9 October 2002 – A bid by the Victorian National Party to block Australia’s subsea Basslink cable connecting Tasmania to the national electricity grid in Victoria has failed after other opposition groups chose to support the project.

The National Party, which objects to the use of overhead pylons to carry the Basslink cable through Gippsland, had hoped to secure the support of the state Liberal Party to block planning amendments for the project. But the opposition refused to support the move on the grounds it would jeopardise the project connecting Tasmania.

However, Victorian opposition leader Robert Doyle said a Liberal government would attempt to have the cable placed underground, and pledged to spend up to A$70m ($38.22m) of taxpayers money to do so. He said the money would be spent under a deal with the Basslink developer. “We would be prepared to make a budgetary allocation to underground that cable, but on the basis that it is an agreed proper commercial arrangement,” Mr Doyle told reporters.

Victorian National Party Leader Peter Ryan, who is also the member for Gippsland South, said the opposition’s failure to support his party on Basslink would lead to a backlash against the state opposition at the next state election. “Gippslanders will feel betrayed by this,” he said. “The Liberal Party has made promises for literally years about this issue and now was the time to honour them.” Premier Steve Bracks said Mr Doyle’s commitment to spend taxpayers money on burying the cable was hard to justify. “To simply give money to a private company for what is a Tasmanian project would be an extraordinary step I would have thought,” he told reporters.

Basslink Pty Ltd welcomed the Liberal Party’s decision, but committed only to discussing “issues concerning this vital and historic infrastructure project” with any future Liberal government.
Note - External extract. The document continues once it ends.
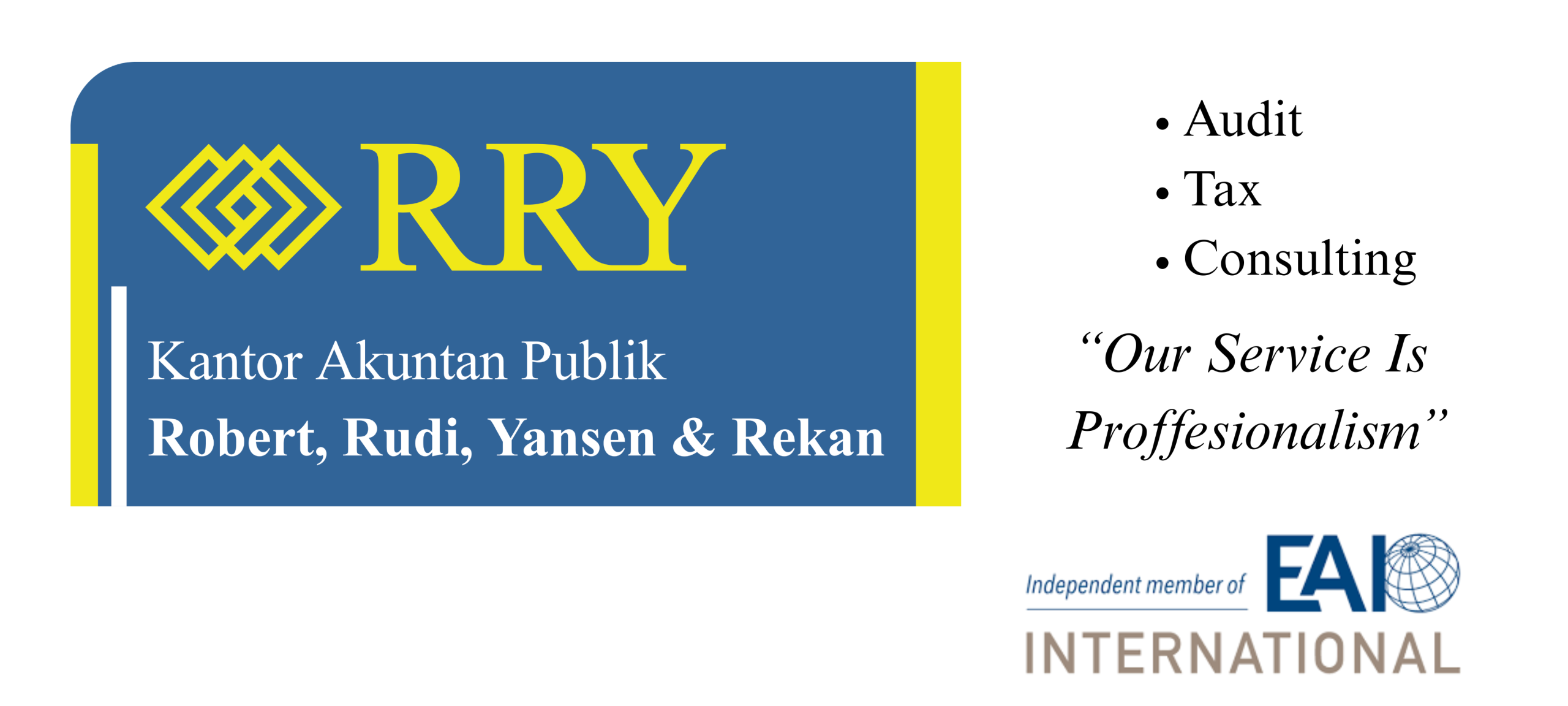 Kantor Akuntan Publik Robert, Rudi, Yansen & Rekan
Basslink received final approval from the Victorian and federal governments last month, after earlier getting the go-ahead from the Tasmanian government.

Amendments to the planning schemes of two Gippsland municipalities were the final hurdle for the project. The Basslink Joint Advisory Panel said placing the 600 MW power cable underground along its entire route through Gippsland would cost more than A$95m and the cost was unjustified. However, anti-pylon campaigners argue the technology is available and cost-effective. Basslink will allow Tasmania to export hydropower, and give Victoria greater electricity security during the summer months.